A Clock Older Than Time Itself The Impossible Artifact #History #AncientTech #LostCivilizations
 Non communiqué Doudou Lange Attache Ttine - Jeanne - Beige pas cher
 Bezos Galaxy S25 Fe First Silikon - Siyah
___
# Task description
Your response must contain the complete listing, copied without deviation.

# Task solution
A Clock Older Than Time Itself The Impossible Artifact #History #AncientTech #LostCivilizations
 Non communiqué Doudou Lange Attache Ttine - Jeanne - Beige pas cher
 Bezos Galaxy S25 Fe First Silikon - Siyah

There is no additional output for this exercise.